■ What to work on:
Copy out the entries exactly, and wherever a picture appears, leave it out.

■ Records supplied:

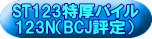 ST123特厚パイル 123N（BCJ評定） 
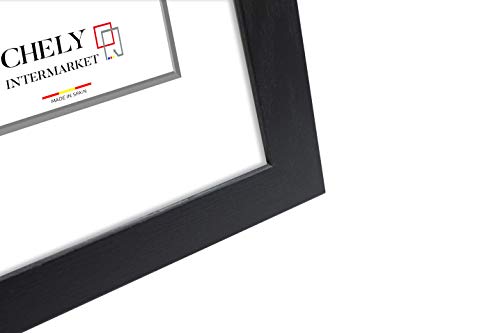 Chely Intermarket, Marco de Fotos 15x20cm (Negro) MOD-254 (Pack de 4 uds), Hecho de Madera, Ancho de Bastidor 1,20cm con Acabado Elegante | Marco para títulos y certificados (254-15x20*4-0,30) Chely Intermarket, Marco de Fotos 15x20cm (Negro) MOD-254 (Pack de 4 uds), Hecho de Madera, Ancho de Bastidor 1,20cm con Acabado Elegante | Marco para títulos y certificados (254-15x20*4-0,30)
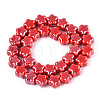 Handmade Porcelain Bead Strands PORC-N011-04G-2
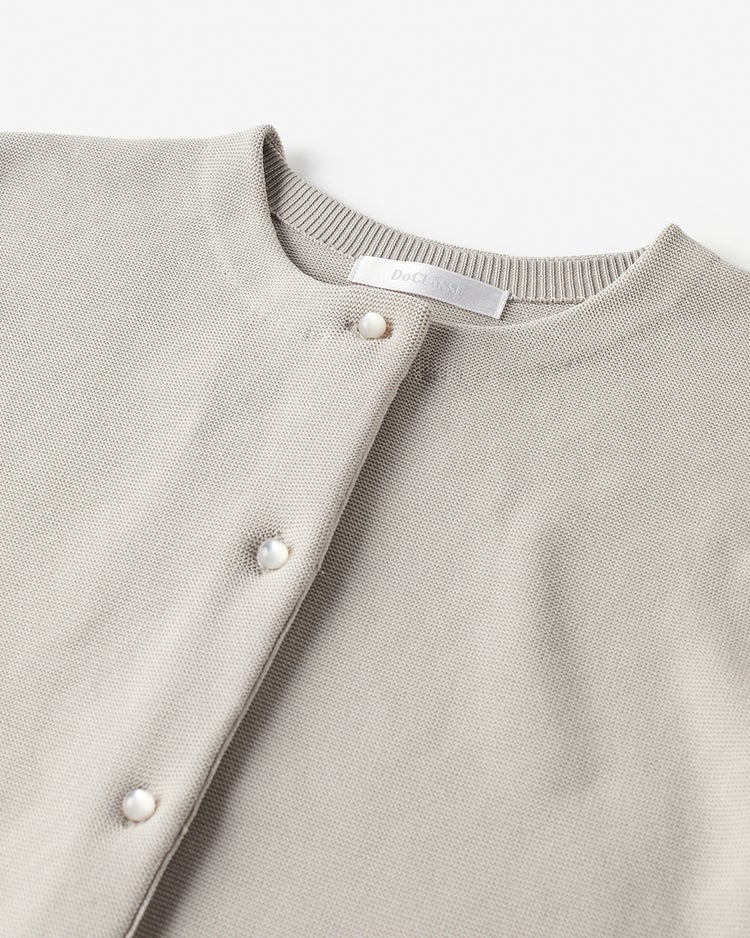 ガーターニット・ペプラムジャケット 詳細画像 ライトグレー 6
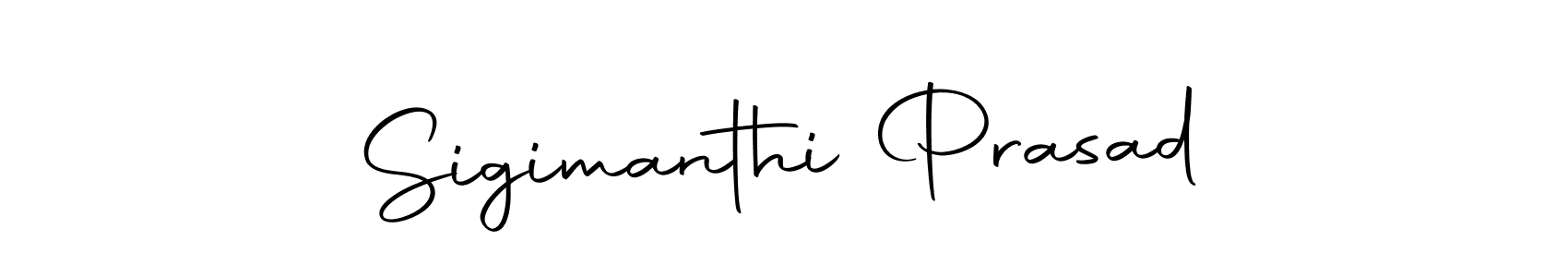 The best way (Autography-DOLnW) to make a short signature is to pick only two or three words in your name. The name Sigimanthi Prasad include a total of six letters. For converting this name. Sigimanthi Prasad signature style 10 images and pictures png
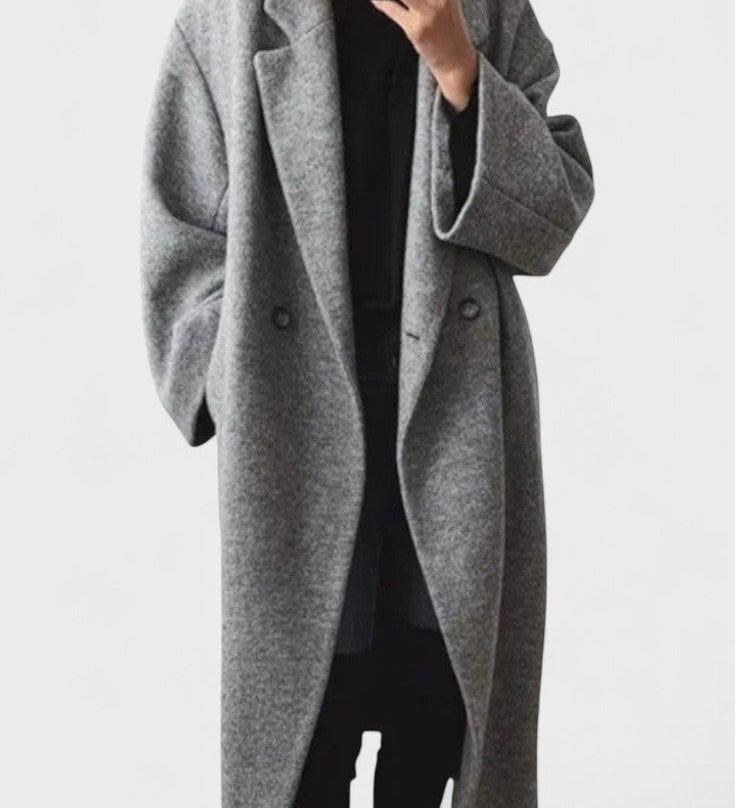 Ditte™ | Lång ullkappa i tidlöst design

■ Answer section:
 ST123特厚パイル 123N（BCJ評定） 
 Chely Intermarket, Marco de Fotos 15x20cm (Negro) MOD-254 (Pack de 4 uds), Hecho de Madera, Ancho de Bastidor 1,20cm con Acabado Elegante | Marco para títulos y certificados (254-15x20*4-0,30) Chely Intermarket, Marco de Fotos 15x20cm (Negro) MOD-254 (Pack de 4 uds), Hecho de Madera, Ancho de Bastidor 1,20cm con Acabado Elegante | Marco para títulos y certificados (254-15x20*4-0,30)
 Handmade Porcelain Bead Strands PORC-N011-04G-2
 ガーターニット・ペプラムジャケット 詳細画像 ライトグレー 6
 The best way (Autography-DOLnW) to make a short signature is to pick only two or three words in your name. The name Sigimanthi Prasad include a total of six letters. For converting this name. Sigimanthi Prasad signature style 10 images and pictures png
 Ditte™ | Lång ullkappa i tidlöst design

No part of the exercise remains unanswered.